◆ Activity
The response should be the lines of the data, starting at the first and ending at the one that contains "used 2024 Chrysler", copied without change.
──────────












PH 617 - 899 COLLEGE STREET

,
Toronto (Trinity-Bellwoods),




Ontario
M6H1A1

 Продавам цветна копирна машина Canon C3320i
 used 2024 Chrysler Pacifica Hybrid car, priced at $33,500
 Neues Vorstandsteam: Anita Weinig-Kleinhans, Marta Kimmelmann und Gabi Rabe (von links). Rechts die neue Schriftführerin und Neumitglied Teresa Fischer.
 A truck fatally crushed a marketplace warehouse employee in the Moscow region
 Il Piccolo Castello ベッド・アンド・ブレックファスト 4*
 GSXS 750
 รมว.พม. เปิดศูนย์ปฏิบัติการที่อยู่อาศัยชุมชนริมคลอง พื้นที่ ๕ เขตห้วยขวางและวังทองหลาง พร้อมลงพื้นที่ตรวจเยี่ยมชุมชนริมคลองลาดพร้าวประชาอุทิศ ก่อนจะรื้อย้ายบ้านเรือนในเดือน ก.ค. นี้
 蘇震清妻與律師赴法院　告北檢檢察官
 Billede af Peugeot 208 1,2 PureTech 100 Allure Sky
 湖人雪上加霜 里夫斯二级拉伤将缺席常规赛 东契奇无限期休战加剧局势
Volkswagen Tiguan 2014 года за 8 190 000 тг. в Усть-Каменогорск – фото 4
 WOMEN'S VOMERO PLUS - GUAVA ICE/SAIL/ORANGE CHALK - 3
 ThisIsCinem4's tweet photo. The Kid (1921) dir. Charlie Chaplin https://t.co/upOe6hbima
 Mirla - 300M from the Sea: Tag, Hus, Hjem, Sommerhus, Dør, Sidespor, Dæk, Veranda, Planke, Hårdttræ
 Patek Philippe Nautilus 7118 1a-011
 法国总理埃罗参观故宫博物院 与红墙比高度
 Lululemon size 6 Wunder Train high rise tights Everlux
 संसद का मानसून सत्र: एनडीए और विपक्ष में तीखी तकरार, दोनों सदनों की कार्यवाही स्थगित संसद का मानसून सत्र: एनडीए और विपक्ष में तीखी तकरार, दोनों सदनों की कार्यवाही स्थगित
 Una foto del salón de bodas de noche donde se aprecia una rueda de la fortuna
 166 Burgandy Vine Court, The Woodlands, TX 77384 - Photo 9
──────────
◆ The completed task
PH 617 - 899 COLLEGE STREET

,
Toronto (Trinity-Bellwoods),




Ontario
M6H1A1

 Продавам цветна копирна машина Canon C3320i
 used 2024 Chrysler Pacifica Hybrid car, priced at $33,500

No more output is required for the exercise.